Dietrich's laughter rumbled as he had turned to each one as they spoke, "One hundred and thirty years and still no one has taught a Mage any common sense. They were all crazy before and they haven't changed."
Kyra laughed, "Every one of them used to be such good, solid, average everyday Soulguards until he got ahold of them."
Once again the finger was pointed at me.
"You, too?" I whined, "Everybody wants to blame the Soullord."
I turned back to Dietrich, "Don't let em fool you, every one of them was nuts before I showed up. If I hadn't come along and displayed such a grand amount of skill with calm, calculated planning, it's hard to even think where they would be."
Musical laughter exploded from Lyrica, "Planning? Really?"

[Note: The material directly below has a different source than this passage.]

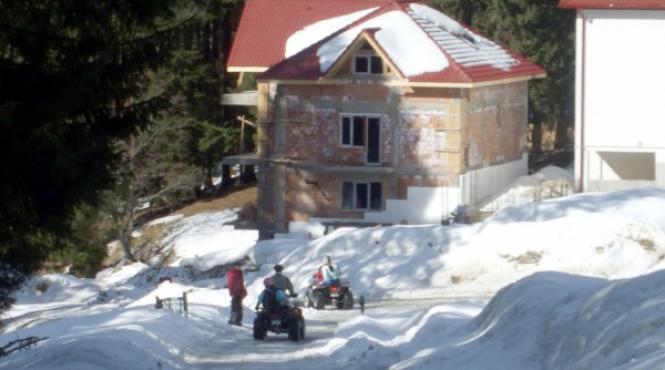 fara avize vile in locul brazilor din predeal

The laughter kept coming from all around the table.
"Humph," I said with a sad expression and reached down to my plate for another wing.
"Can anyone tell me," Irenia Nevara Jaegher interrupted, looking straight at Andrea Prada, "why you were thrown from an airplane? Parachuting isn't all that bad. I've jumped a couple of times."
"Honey," Prada said, "No one said anything about parachutes."
"Oddly enough," Jim Duke said, "We managed to stop three more attacks but there was one we weren't in time for I'm afraid. The odd part is that someone else stopped it. We found nine bodies at what we suspect would have been an attack in Scotland."
"Nine?" I asked, "I was thinking they used ten man squads."
"Maybe we've killed enough of the bastards to make them short-handed. I don't know what to think about it yet. All of them were killed at close range with blades. Everything points to two attackers with knives took out all nine in a very short time."